» Input records:
▬▬▬▬▬▬
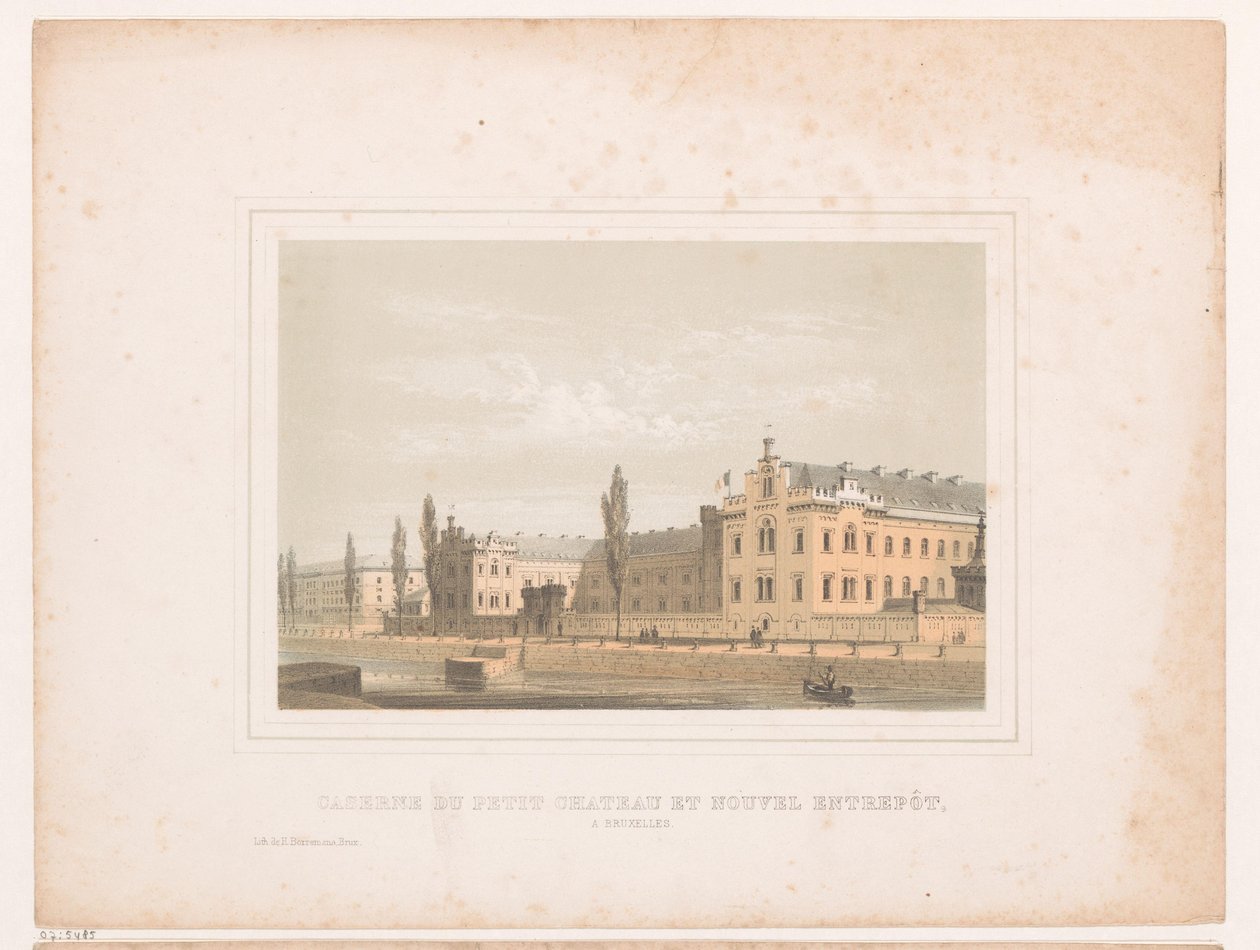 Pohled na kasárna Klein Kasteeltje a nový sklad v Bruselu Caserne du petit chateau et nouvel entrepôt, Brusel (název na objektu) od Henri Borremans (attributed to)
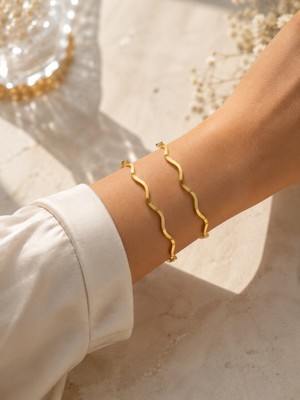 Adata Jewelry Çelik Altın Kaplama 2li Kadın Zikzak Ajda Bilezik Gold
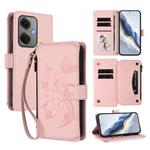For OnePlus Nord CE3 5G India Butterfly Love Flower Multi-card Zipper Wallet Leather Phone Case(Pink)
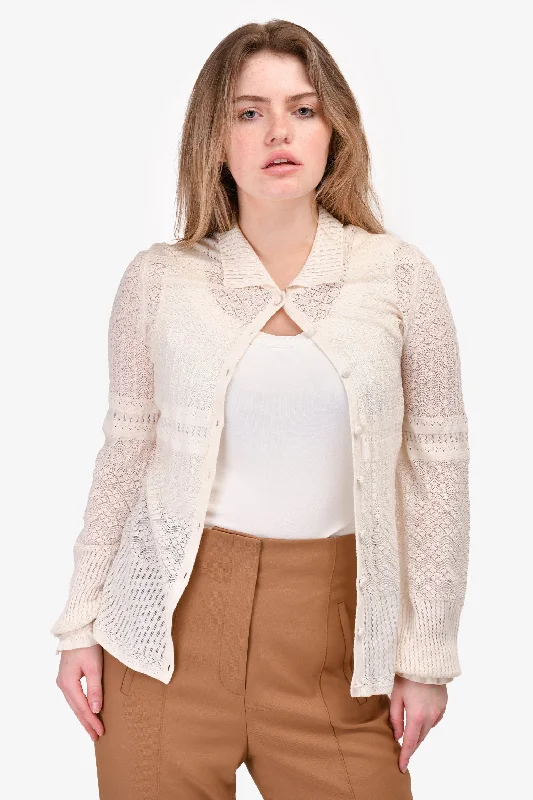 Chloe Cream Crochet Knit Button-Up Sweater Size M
▬▬▬▬▬▬
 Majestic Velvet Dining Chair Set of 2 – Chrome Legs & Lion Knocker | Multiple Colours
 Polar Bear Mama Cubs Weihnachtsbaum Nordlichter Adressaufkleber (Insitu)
▬▬▬▬▬▬
» What is required:
In the listing above, find the line with "Pohled na kasárna" and output every line through the one with "Chloe Cream Crochet", exactly, without the pictures.

» Finished exercise:
 Pohled na kasárna Klein Kasteeltje a nový sklad v Bruselu Caserne du petit chateau et nouvel entrepôt, Brusel (název na objektu) od Henri Borremans (attributed to)
 Adata Jewelry Çelik Altın Kaplama 2li Kadın Zikzak Ajda Bilezik Gold
For OnePlus Nord CE3 5G India Butterfly Love Flower Multi-card Zipper Wallet Leather Phone Case(Pink)
 Chloe Cream Crochet Knit Button-Up Sweater Size M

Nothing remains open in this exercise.